Data Engineering  /  dbt

🔄 dbt — Data Build Tool 23 guides · updated 2026

Analytics engineering with SQL — models, tests, sources, and Jinja macros that turn raw warehouse tables into trustworthy, documented data products.

dbt Environment Management: Dev, Staging, and Production

One of the biggest risks when working with a live data pipeline is accidentally running development code against production data. A schema change in a model, a filter removed during debugging, a join condition that is wrong — any of these can corrupt dashboards or data products that people depend on. Environment management in dbt is how you prevent that by keeping development, validation, and production work completely isolated.


The Core Concept: Targets

In dbt Core, a target is a named configuration in profiles.yml that describes how dbt connects to your warehouse. You can define as many targets as you need and switch between them using the --target flag.

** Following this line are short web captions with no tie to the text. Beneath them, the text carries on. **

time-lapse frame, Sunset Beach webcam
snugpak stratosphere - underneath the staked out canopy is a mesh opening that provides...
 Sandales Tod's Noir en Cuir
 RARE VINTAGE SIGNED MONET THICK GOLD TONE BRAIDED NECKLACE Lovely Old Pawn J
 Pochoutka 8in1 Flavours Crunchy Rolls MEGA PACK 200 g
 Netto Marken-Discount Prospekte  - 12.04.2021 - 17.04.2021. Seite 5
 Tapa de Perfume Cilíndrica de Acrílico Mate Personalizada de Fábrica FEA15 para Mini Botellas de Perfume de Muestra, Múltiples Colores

Most teams use at minimum two targets — dev and prod — and many add a staging target between them.

~/.dbt/profiles.yml
my_project:
target: dev
outputs:
dev:
type: snowflake
account: "{{ env_var('SNOWFLAKE_ACCOUNT') }}"
user: "{{ env_var('SNOWFLAKE_USER') }}"
password: "{{ env_var('SNOWFLAKE_PASSWORD') }}"
database: analytics_dev
schema: dbt_dev
warehouse: TRANSFORMING_XS
role: DEVELOPER
staging:
type: snowflake
account: "{{ env_var('SNOWFLAKE_ACCOUNT') }}"
user: "{{ env_var('SNOWFLAKE_USER_STAGING') }}"
password: "{{ env_var('SNOWFLAKE_PASSWORD_STAGING') }}"
database: analytics_staging
schema: dbt_staging
warehouse: TRANSFORMING_S
role: STAGING_ROLE
prod:
type: snowflake
account: "{{ env_var('SNOWFLAKE_ACCOUNT') }}"
user: "{{ env_var('SNOWFLAKE_USER_PROD') }}"
password: "{{ env_var('SNOWFLAKE_PASSWORD_PROD') }}"
database: analytics_prod
schema: dbt_prod
warehouse: TRANSFORMING_M
role: PROD_ROLE

Each target points to a different database or schema, uses different credentials, and often a different warehouse size to control cost.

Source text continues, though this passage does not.